Saturday, November 06, 2010


Ric O'Barry Saves Dolphins

Ric O'Barry Saves Dolphins
Originally uploaded by timtak
This is a picture copyright

I am strongly opposed to the opposition to Japanese dolphin hunting.

I think that dolphins are more intelligent than cows and pigs, and am sad about their death.

1) I think that cows and pigs are intelligent,

2) I do not think that intelligence is an acid test of what should be killed. Sensitivity to suffering might be equally valid. I think that cows are very sensitive to their suffering.

3) I think that cows and pigs have a far, far, far worse life in and bred for, captivity, especially when boxed all their lives.

I think that slaughtering dolphins in coves appears appaling, because

1) It is

2) One can view it .
Essentially, hunting takes place in the place that the animals live, so it is viewable. Abbattoir slaughter takes place in closed environments controlled by the meat eaters.
The scenes from "The Cove" are unlike the scenes in abattoirs in many ways. But I believe that equally gruesome things are going on in abbatoirs, at vastly greater scale, especially after having visited one.

3) There is a contrast between the freedom of the animals and their death.
If an animal has been bred for food, and especially has lived all its life in a cage, the the horror of its demise may appear deminished. However this lack of contrast hides the true horror, that of living ones life in a box bound for slaughter. Battery farming of cattle, pigs and chickens is, in my view, so much more unpleasant than killing wild animals that it is difficult to compare. The slaughter of battery farmed animals is infinately more disgusting than the slaughter of wild species due to the hellishness of the life that the animals have lead prior to their death.

The slaughter of the hunt appears appalling from a third person perspective, because the third person sees the contrast between freedom and the death. But from the first person/animal perspective (which should be? what counts) the un-hunted, bred to die animal is vastly more miserable.

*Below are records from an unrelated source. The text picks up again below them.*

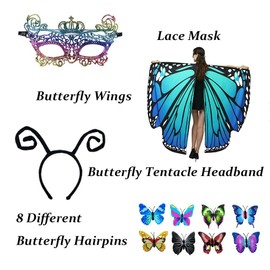HAPNBCELE Butterfly Wings Costume for Women Double-Sided Butterfly Fairy Dress up Wings Cape Shawl Masquerade Lace Masks Headband Hair Clips(11 PCS)-Starry Sky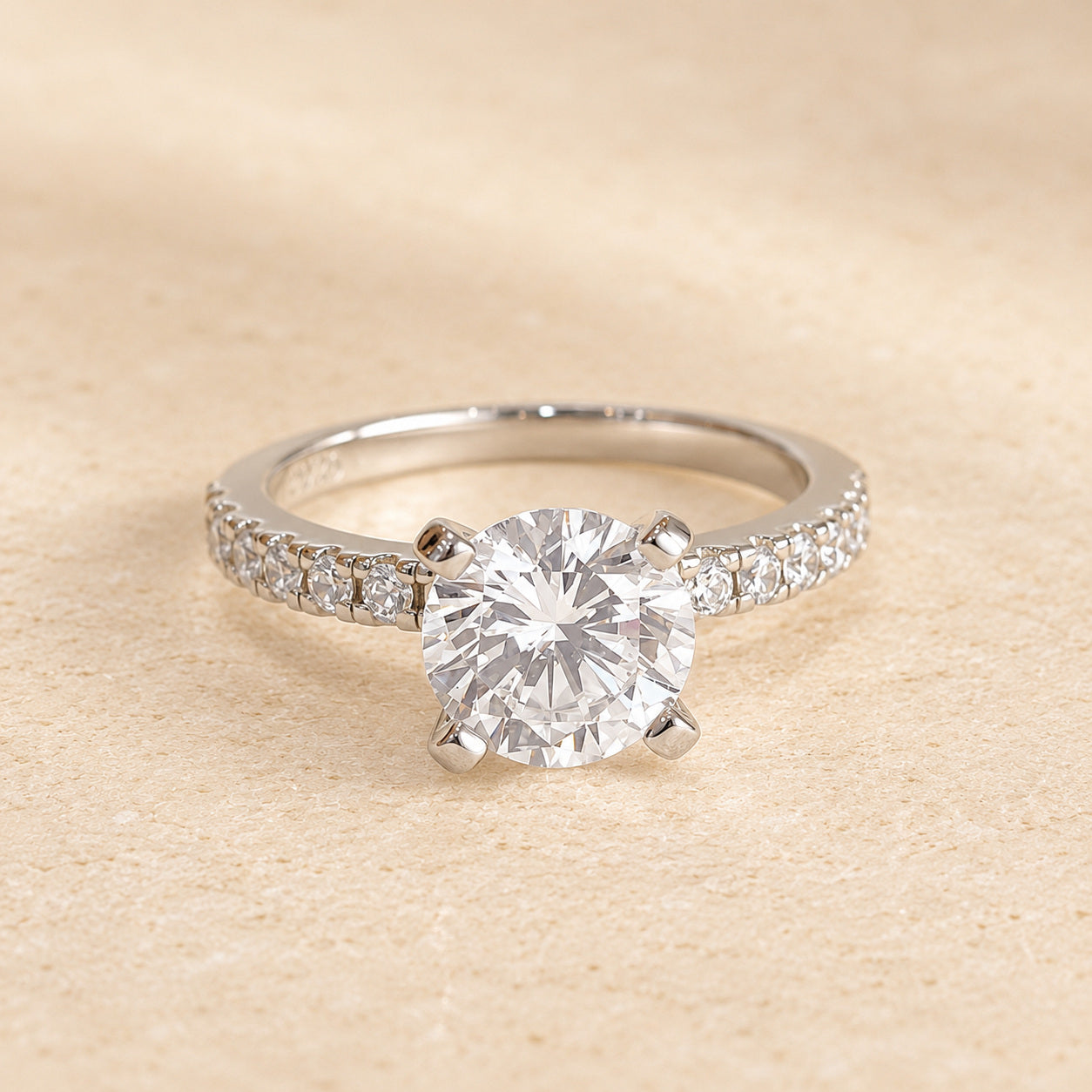 Adove Elnora Ring – rhodium plated 925 sterling silver ring for women with cubic zirconia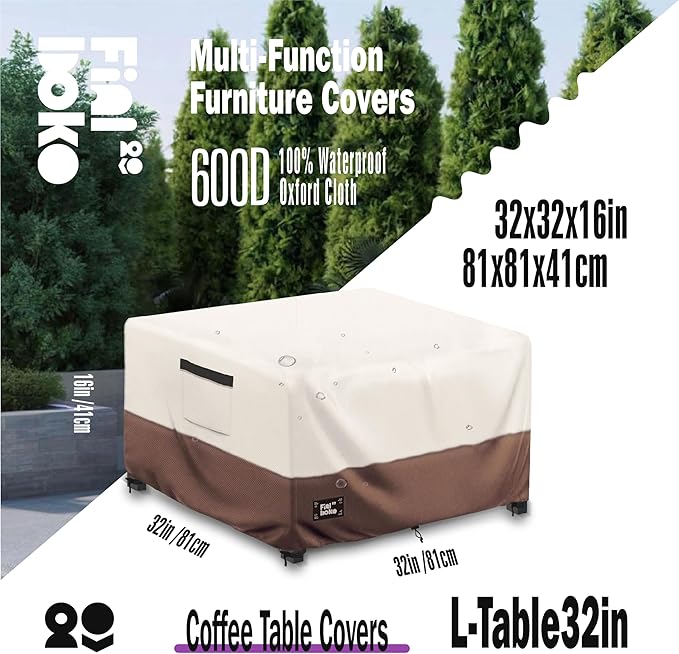 Patio Ottoman Cover,32"L x 32"W x 16"H Square Patio Dining Table Cover for Outdoor Furniture,100% Waterproof 600D Heavy Duty Outdoor Table Cover,Beige&Brow
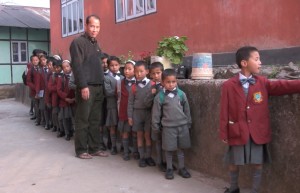 Children ready to walk to school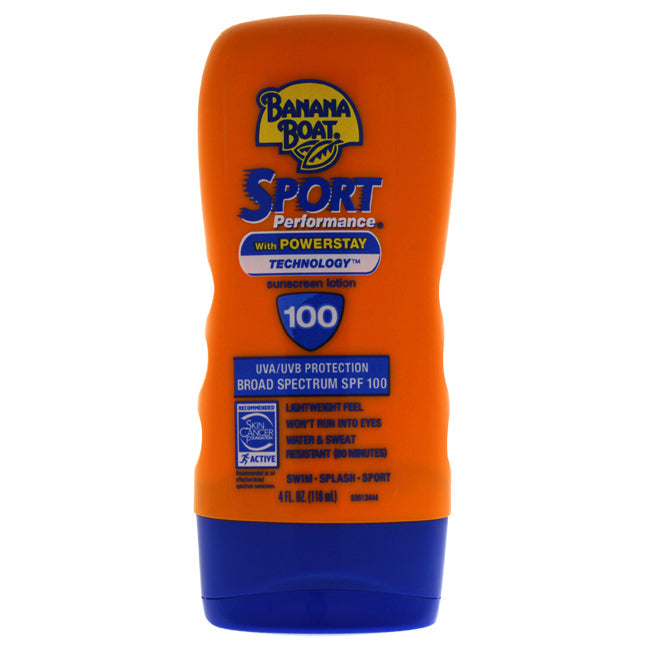 Sport Performance with Powerstay Technology Sunscreen Lotion SPF 100 by Banana Boat for Unisex - 4 oz Lotion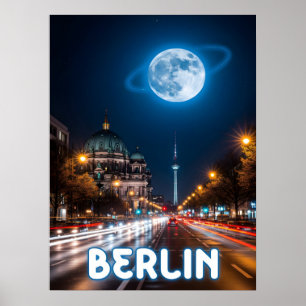 Surrealistische nacht uitzicht van Berlijn Poster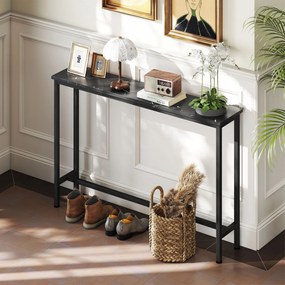 Mesa Consola Moderna Consola de Entrada Estreita com Superfície com Efeito Mármore e Estrutura de Metal 100x20x66 cm Preto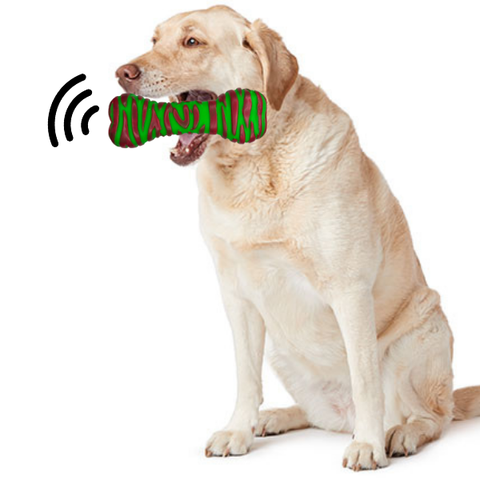 Brinquedo Cachorro Mordedor Vinil Osso Tigre - Verde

Ric O'Barry guy goes to Japanese supermarkets to lament the death of his "friends." Does he have no friends who are cows bred in cages for beefburgers? Does he not care for their thousands of times, hundreds of thousands of times, more miserable existance?

I deeply opposed to his group, bearing in mind the vastly, enourmously, grotesquely (I lack adverbs) greater suffering going on in other means of human protein production, compared to the yet tragic slaugher of dolpins.

It seems to me that this movement is a cultural defense mechanism. The movement is in part, I feel, an attempt to allow those that participate in the movement, or have sympathy with the movement, to forget the infinitely more profound horror of slaughtering animals bred and living in small cages, to die by a slightly quicker means.

Would you rather have been born a dolpin that died in Taji, or a cow that lived and died in a battery farm?

Is there even a question? The answer is no. There is no question. The horror of the "beef" (cow) that became a burger is so far worse, that there is no question, no viable comparison. The dolpin was hunted and killed, in pain. The cow's whole life was hell.

Weep by all means for the dolphins that die in Taji. And do not eat them. And do not go to dolphin shows in aquaria. And if you feel this sadness, or even if you don't, go wild, wild, wild with grief, and rage, for the life of the animal that made up your protein in the food that you will eat today.

Take out the plank in your own eye Mr. O'Barry. Take out the redwood tree in the eyes of your peers, before you point out the splinter in the eyes of others.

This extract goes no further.